# What kind of orchestral sound do you prefer on recordings?



## Waehnen (Oct 31, 2021)

What kind of orchestral sound do you prefer on recordings?

I will place some basic options that come to mind. Please suggest additional options if something is evidently missing!

Edit: Please post examples of orchestral recordings with a sound that particularly pleases you!


----------



## LKB (Jul 27, 2021)

A for me. I generally prefer the larger, expansive works of Mahler, Bruckner, Shostakovich, Rachmaninoff etc. Big, homogeneous sound with some air around it.


----------



## Waehnen (Oct 31, 2021)

LKB said:


> A for me. I generally prefer the larger, expansive works of Mahler, Bruckner, Shostakovich, Rachmaninoff etc. Big, homogeneous sound with some air around it.
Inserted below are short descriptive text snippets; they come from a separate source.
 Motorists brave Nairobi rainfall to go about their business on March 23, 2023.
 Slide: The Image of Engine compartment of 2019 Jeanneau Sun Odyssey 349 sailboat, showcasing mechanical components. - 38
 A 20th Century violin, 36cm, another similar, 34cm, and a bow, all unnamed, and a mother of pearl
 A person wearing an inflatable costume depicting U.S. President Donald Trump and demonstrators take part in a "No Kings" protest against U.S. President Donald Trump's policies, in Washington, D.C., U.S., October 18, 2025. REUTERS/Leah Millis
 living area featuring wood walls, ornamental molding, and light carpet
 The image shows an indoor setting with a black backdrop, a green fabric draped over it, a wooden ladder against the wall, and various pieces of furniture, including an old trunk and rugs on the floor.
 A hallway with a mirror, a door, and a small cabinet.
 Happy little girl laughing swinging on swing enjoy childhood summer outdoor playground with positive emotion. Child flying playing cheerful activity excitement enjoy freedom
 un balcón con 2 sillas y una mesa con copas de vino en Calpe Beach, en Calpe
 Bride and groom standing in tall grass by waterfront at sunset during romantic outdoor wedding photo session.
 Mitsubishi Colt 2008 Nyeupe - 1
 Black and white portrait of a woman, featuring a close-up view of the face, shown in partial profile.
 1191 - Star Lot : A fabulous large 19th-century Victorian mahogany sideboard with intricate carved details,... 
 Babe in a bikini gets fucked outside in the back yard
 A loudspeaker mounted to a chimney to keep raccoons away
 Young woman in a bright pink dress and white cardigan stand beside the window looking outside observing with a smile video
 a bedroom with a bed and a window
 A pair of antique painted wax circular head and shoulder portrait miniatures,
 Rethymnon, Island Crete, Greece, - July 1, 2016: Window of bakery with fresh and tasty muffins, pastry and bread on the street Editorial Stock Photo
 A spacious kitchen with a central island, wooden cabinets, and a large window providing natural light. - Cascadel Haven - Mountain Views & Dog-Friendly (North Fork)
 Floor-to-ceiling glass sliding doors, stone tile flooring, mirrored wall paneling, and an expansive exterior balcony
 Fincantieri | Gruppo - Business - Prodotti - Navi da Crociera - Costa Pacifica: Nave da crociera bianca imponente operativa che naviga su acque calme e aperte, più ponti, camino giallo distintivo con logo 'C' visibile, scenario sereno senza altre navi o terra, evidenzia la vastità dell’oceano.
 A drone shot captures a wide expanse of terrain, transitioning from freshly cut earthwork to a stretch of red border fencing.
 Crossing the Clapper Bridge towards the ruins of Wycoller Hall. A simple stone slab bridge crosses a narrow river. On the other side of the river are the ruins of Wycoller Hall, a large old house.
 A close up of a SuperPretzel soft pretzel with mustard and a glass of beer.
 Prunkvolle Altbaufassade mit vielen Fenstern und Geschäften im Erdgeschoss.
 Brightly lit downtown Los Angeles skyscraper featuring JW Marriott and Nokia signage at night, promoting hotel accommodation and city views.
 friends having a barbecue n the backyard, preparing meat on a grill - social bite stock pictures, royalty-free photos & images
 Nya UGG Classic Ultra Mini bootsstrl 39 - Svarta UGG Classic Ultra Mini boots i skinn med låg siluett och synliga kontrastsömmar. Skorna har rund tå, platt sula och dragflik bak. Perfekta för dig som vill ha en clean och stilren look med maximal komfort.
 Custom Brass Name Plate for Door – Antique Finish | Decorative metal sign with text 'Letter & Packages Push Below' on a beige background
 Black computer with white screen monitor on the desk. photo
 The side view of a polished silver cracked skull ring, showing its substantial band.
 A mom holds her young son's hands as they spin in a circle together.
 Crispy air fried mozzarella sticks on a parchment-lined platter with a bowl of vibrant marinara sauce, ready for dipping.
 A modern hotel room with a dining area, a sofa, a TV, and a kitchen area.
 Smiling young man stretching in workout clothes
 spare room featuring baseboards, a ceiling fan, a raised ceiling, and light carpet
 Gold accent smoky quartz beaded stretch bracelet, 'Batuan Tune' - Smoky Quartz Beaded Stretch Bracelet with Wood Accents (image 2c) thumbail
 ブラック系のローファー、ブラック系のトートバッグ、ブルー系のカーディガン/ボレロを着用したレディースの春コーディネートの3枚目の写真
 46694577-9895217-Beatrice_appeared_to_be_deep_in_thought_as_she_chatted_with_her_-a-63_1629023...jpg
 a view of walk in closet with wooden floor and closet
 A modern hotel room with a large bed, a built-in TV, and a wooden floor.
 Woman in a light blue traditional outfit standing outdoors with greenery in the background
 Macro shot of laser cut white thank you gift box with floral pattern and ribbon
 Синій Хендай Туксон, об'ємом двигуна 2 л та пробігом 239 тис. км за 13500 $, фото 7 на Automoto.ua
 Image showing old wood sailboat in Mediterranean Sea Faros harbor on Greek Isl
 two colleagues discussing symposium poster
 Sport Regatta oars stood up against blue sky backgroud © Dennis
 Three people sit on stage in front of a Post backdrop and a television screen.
There sure is place for that! I cannot imagine Bruckner with other kind of approach. Also, the Pathétique by Tchaikovsky really needs the approach A, otherwise the piece is ruined imo. Many other examples come to mind, too. There is some serious magic happening when the option A is done succesfully.


----------



## mikeh375 (Sep 7, 2017)

market research again?....


----------



## Waehnen (Oct 31, 2021)

mikeh375 said:


> market research again?....


This time I kinda admit it! 😉 It is interesting how people see (hear) these things.


----------



## Merl (Jul 28, 2016)

OT : any sound that appeals to my ears.


----------



## Judas Priest Fan (Apr 27, 2018)

I like it to sound like I´m front row center.


----------



## EvaBaron (Jan 3, 2022)

For me it really depends on the piece. For Vaughan William’s Tallis Fantasia I like when it’s a big sound and it all blends together really well and lushy strings are welcome in this piece as well. This is why my favourite recording of this piece is Ormandy, for all the reasons stated above. But for example in Beethoven symphony no. 7 I like it when the sound is clear and you can hear individual lines, that’s why I like Kleiber and Szell’s recording so much


----------



## AndorFoldes (Aug 25, 2012)

I generally prefer recordings with medium-to-close miking and less reverberation. But most important is that the instrumental balance is good.


----------



## Prodromides (Mar 18, 2012)

Waehnen said:


> Please suggest additional options if something is evidently missing!


One option missing is:

pinched 'dead'-center monaural sound with playback reproduced via snap-crackle-pop acetate sources.


----------



## Waehnen (Oct 31, 2021)

Prodromides said:


> One option missing is:
> 
> pinched 'dead'-center monaural sound with playback reproduced via snap-crackle-pop acetate sources.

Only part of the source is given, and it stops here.